- **EXERCISE INSTRUCTIONS**
Using the data that follows, output only the lines from the line with "After running the" up to and including the line with "The Thing About", exactly, leaving pictures aside.

- **Dataset entries**
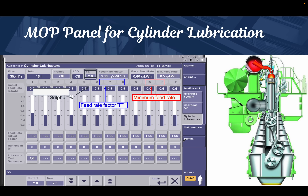This is how the MoV panel for cylinder lubrication looks. Whenever we are doing a changeover, it is very important to make sure the sulfur content is always changed as per the oil which is consumed. The minimum feed rate is as per the recommendation. As you can see in the MoV panel, cylinders one, two, three, four, five are listed. This shows the sulfur content which needs to be set. The feed factor means whatever rate we are feeding, that is multiplied with the factor. The minimum feed is what we need to feed. After that, how much is running — if we have to do any lubrication adjustment, we can do it here.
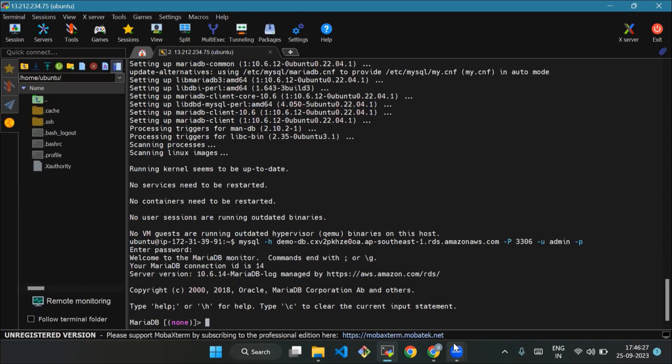After running the command, we can see this as a result. So we have successfully connected with our MariaDB instance. Thank you everyone. We will meet in the next lecture.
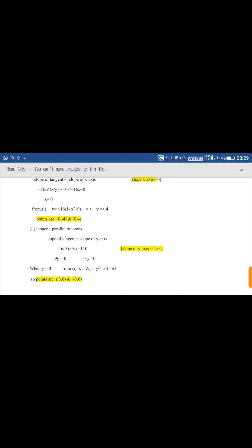For tangents parallel to the y-axis, slope of tangent = slope of y-axis = 1/0 (undefined). So -(16/9)·(x/y) = 1/0; cross multiplying gives 9y = 0, so y = 0. Putting y = 0 in the curve equation gives x = ±√9 = ±3. So the points are (3, 0) and (-3, 0).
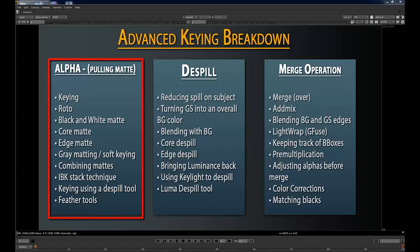Combining mattes is something a lot of people have difficulty with. You're always going to be pulling multiple keys on an image — if you ever have hair, you should automatically consider hair its own key that you either roto in or handle separately. I'm going to teach you an IBK stack technique using an IBK keyer, which gives you a really good result. You can also key using a de-spill tool, which kind of goes into gray matting and soft keying, and I'll cover feathering tools and why you'd want to use them.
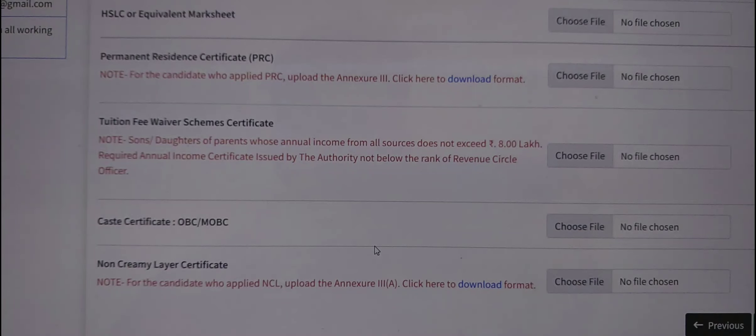Hello guys, welcome back to another video. Today we are going to share information about the Tuition Fee Waiver scheme.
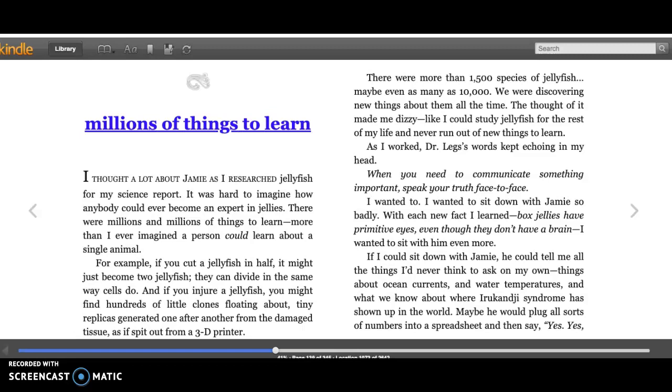The Thing About Jellyfish by Ally Benjamin. Chapter 23: Millions of Things to Learn. I thought a lot about Jamie as I researched jellyfish for my science report. It was hard to imagine how anybody could ever become an expert in jellyfish.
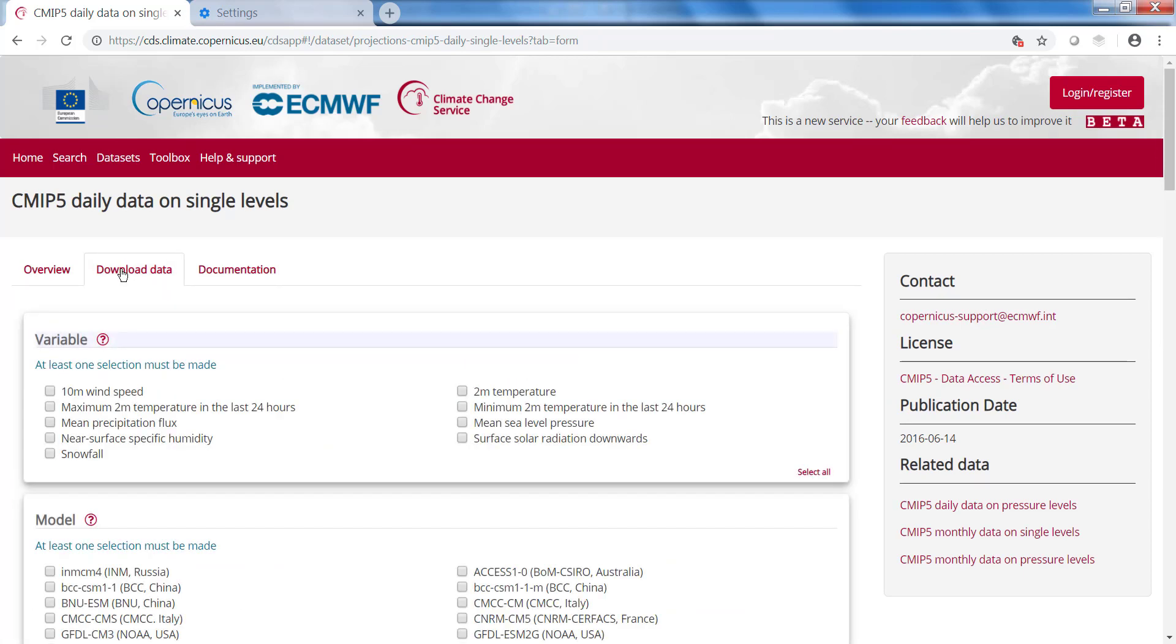In the Download Data tab, you can select variables, models, experiments, and different time periods. Let's select the variables first. I am interested in precipitation and in temperature.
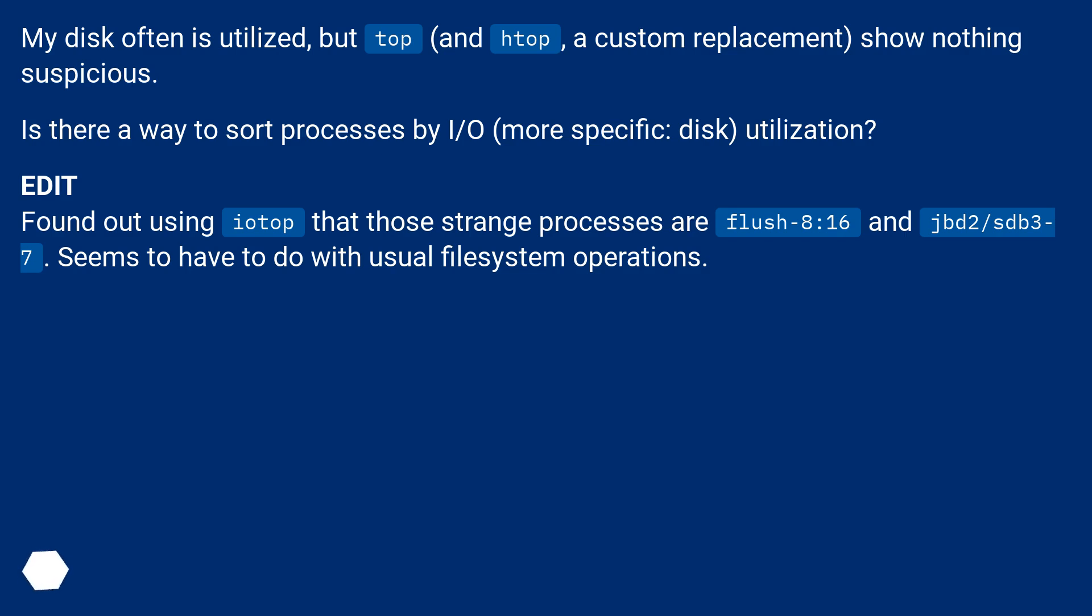Edit. Found out using iotop that those strange processes are flush-8:16 and jbd2/sdb37. Seems to have to do with usual filesystem operations.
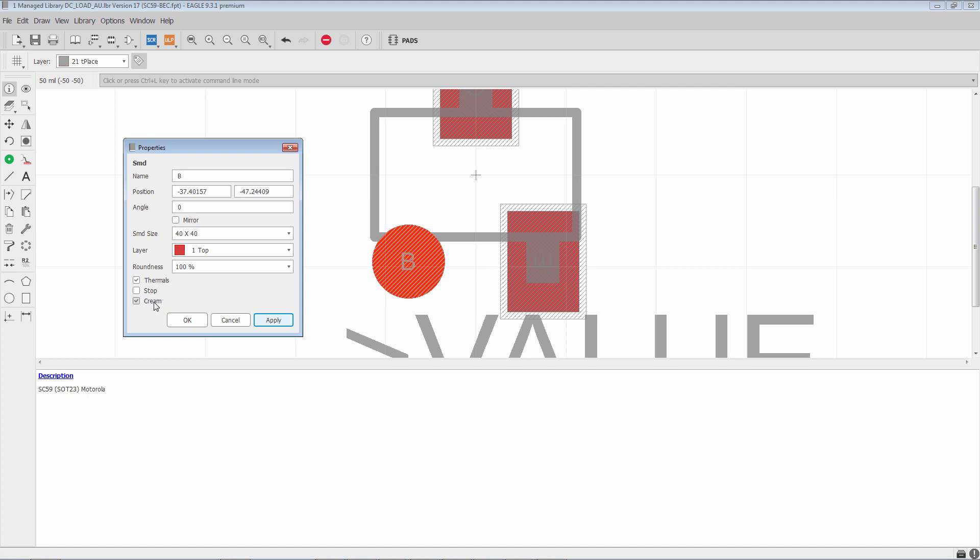Now cream is interesting. Cream is something that's unique to surface mount pads. What ends up happening, if you've ever seen the manufacturing process, is that a stencil is placed on the board, and then solder paste is squeegeed onto the board using that stencil. Well, the cream layer is what defines the openings in the stencil.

- **ANSWER SPACE**
After running the command, we can see this as a result. So we have successfully connected with our MariaDB instance. Thank you everyone. We will meet in the next lecture.
For tangents parallel to the y-axis, slope of tangent = slope of y-axis = 1/0 (undefined). So -(16/9)·(x/y) = 1/0; cross multiplying gives 9y = 0, so y = 0. Putting y = 0 in the curve equation gives x = ±√9 = ±3. So the points are (3, 0) and (-3, 0).
Combining mattes is something a lot of people have difficulty with. You're always going to be pulling multiple keys on an image — if you ever have hair, you should automatically consider hair its own key that you either roto in or handle separately. I'm going to teach you an IBK stack technique using an IBK keyer, which gives you a really good result. You can also key using a de-spill tool, which kind of goes into gray matting and soft keying, and I'll cover feathering tools and why you'd want to use them.
Hello guys, welcome back to another video. Today we are going to share information about the Tuition Fee Waiver scheme.
The Thing About Jellyfish by Ally Benjamin. Chapter 23: Millions of Things to Learn. I thought a lot about Jamie as I researched jellyfish for my science report. It was hard to imagine how anybody could ever become an expert in jellyfish.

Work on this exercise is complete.